§ **Exercise directions**:
The required result is an exact copy of the lines beginning at the line that contains "Bright bedroom featuring" and ending at the last line of the material below.

§ **Entries shown**:

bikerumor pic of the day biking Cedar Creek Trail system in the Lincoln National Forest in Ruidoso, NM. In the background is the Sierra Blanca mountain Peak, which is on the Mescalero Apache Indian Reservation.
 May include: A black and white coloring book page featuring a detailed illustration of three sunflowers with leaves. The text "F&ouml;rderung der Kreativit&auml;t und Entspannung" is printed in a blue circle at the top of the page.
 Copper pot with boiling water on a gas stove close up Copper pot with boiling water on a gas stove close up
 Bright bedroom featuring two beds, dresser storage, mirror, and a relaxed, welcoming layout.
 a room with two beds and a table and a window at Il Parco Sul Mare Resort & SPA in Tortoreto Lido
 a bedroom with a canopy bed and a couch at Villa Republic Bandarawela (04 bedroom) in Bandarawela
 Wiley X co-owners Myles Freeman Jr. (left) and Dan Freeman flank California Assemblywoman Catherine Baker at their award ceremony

§ **Response**:
 Bright bedroom featuring two beds, dresser storage, mirror, and a relaxed, welcoming layout.
 a room with two beds and a table and a window at Il Parco Sul Mare Resort & SPA in Tortoreto Lido
 a bedroom with a canopy bed and a couch at Villa Republic Bandarawela (04 bedroom) in Bandarawela
 Wiley X co-owners Myles Freeman Jr. (left) and Dan Freeman flank California Assemblywoman Catherine Baker at their award ceremony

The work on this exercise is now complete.